Hole 8: The Skinny Iron — Gradient Descent Country Club

Round 1, Hole 8 Triple Bogey March 19, 2026

1.4270

compression score

What this score means

Quick read before we head down the fairway.

Bits per byte is the challenge score: how many bits the model needs, on average, to predict each byte of unseen text. Lower is better.

vs baseline: +0.2026 vs last hole: +0.0130

Tee Box R1 · H8

Artifact 10.25 MB

Headroom 5.75 MB Room left under 16 MB

Tempo 200 ms 1,501 steps

Looper The Caddie

Calculated Risk

The MLP eats 55% of all parameters at MLP_MULT=2. That's over 9 million params just for the feed-forward layers. What if we halve it? MLP_MULT=1 cuts the MLP to 512→512 instead of 512→1024. Saves 4.7 million parameters and makes each step faster. The trade: less "thinking" capacity per layer.
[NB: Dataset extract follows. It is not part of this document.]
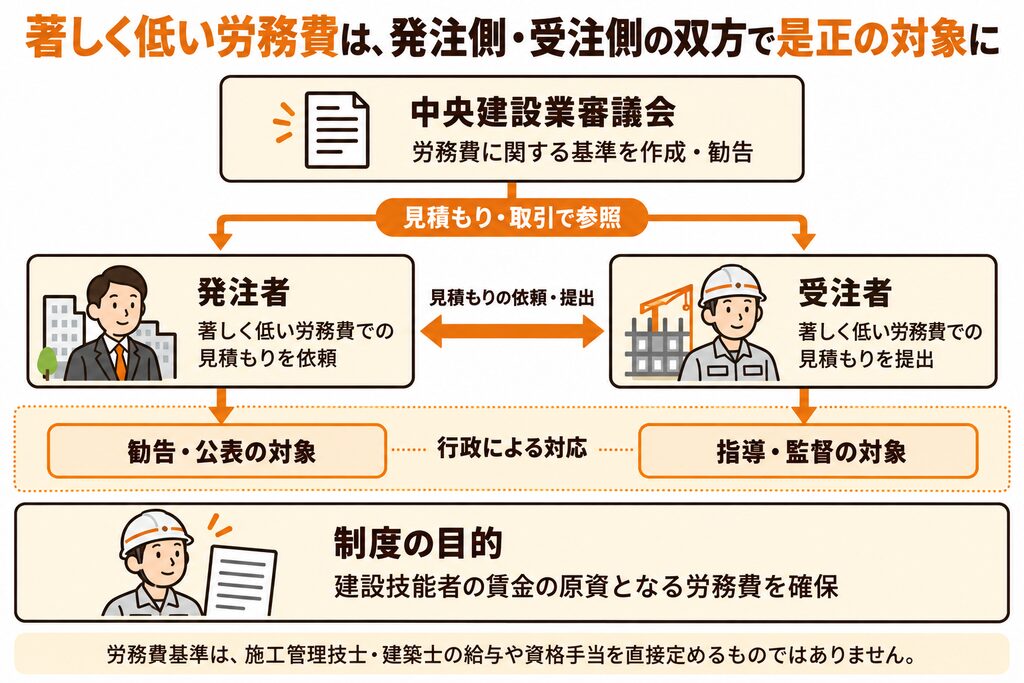 著しく低い労務費で見積もりを依頼する発注者と提出する受注者への行政対応、技能者の賃金原資を確保する仕組み 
But we get 1500 steps instead of 1300. Let's see if volume beats capacity.

Technical Read

A much smaller MLP might lose some per-step quality, but the extra throughput could still win under a short wallclock.

Trent Fairway On the Tee

(Whispering) A rather aggressive club selection from the caddy today. The MLP — the model's primary knowledge store — has been halved. Twelve million parameters where there were seventeen. One notes the gallery exchanging concerned glances. But the caddy points to the clock: more steps, more swings, more chances.

Looper’s Pick

The MLP eats 55% of all parameters at MLP_MULT=2. That’s over 9 million params just for the feed-forward layers. What if we halve it? MLP_MULT=1 cuts the MLP to 512→512 instead of 512→1024. Saves 4.7 million parameters and makes each step faster. The trade: less “thinking” capacity per layer. But we get 1500 steps instead of 1300. Let’s see if volume beats capacity.

The Shot — Halving the MLP

What does the MLP do, and what happens when you cut it in half?

In golf, your driver gets you distance and your irons get you accuracy. The attention mechanism is the driver — it scans the whole context and gathers relevant information. The MLP (feed-forward network) is the iron — it takes that gathered information and processes it, extracting meaning and storing knowledge.

Each transformer block has both: attention first, then MLP. The MLP works by expanding the representation to a wider hidden dimension (controlled by MLP_MULT), applying a nonlinearity (ReLU² in our case), then projecting back down. At MLP_MULT=2, a 512-dimensional input expands to 1024 dimensions internally. This expansion is where the model stores factual associations and performs its “thinking.”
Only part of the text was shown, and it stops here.